I know, I could have asked hotel management. But you know—you check in late, catch an early flight the next morning… There’s not always time to satisfy curiosity.
9 Comments
The IR reader is for a remote so you don’t have to get up to turn on and off
You turn it on when you go to sleep and if anyone comes in then the alarm goes off. Its to make people feel safe and secur.
Guys its just a simple door alarm. It wire it has wire running to a sensor on the inside of the door jam.
Thanks, Chase. I’ve seen quite a few of these since.
You’re correct – it’s an INNCOM IR transmitter. It connects to the thermostat for energy savings. Designed for use in retrofit situations where a wired connection is not feasible. I believe that’s it’s sole purpose.
[…] makes sense. And it explains my earlier post, too. In fact, I received two interesting explanations simultaneously.
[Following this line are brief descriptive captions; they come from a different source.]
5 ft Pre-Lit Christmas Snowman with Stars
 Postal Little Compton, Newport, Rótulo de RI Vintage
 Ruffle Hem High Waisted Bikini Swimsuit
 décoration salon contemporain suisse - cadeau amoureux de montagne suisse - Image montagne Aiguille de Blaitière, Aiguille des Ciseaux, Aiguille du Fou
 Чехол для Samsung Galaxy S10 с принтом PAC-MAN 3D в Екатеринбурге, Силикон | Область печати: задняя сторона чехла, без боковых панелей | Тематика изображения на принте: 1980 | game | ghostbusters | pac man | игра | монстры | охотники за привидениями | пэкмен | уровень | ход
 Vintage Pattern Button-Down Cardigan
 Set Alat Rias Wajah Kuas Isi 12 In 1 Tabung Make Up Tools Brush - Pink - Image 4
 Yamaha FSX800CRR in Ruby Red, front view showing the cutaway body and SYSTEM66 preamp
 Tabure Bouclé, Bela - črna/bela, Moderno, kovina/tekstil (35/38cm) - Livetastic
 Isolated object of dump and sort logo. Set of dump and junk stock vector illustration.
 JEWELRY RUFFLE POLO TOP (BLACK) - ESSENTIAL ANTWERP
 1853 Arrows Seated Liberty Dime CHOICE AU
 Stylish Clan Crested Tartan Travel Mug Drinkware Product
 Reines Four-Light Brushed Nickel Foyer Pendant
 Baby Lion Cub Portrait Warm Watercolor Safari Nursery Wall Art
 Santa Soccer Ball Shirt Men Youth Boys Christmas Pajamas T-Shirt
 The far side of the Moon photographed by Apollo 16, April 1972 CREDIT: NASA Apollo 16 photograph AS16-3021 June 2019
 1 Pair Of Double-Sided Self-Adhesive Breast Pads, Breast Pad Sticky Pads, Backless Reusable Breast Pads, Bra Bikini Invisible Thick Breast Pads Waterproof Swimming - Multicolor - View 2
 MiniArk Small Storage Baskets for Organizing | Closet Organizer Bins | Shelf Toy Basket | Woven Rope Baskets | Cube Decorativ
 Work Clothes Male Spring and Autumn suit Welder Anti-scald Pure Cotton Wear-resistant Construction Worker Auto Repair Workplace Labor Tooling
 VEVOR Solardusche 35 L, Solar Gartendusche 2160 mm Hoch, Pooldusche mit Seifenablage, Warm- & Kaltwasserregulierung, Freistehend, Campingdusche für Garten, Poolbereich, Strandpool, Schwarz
The Mandarin […]
I hope they don’t start ringing up from the reception to complain there’s too much motion in your room or something. 😉
Thanks for your hypothesis, Tom! I’ve subsequently stayed in another hotel with a motion detector in the room, and this time I did ask. Answer to be published shortly in another “Hotel Oddities” post.
Interesting, I bet that was why we had the motion detector in our room in Spain
First time I saw one of these in a room I took it apart to make sure it wasn’t a spy cam. What I found in the manufacturer information indicated that it was a device that reported room occupancy back to a central system.
I believe what you have pictured here is an INNCOM S541 infrared wireless transmitter.
I’d imagine the primary reason is to make sure that they don’t have squatters (that is, that each room occupied is being billed), but you’d probably hear claims of being able to report occupancy to firefighters, emergency responders, etc.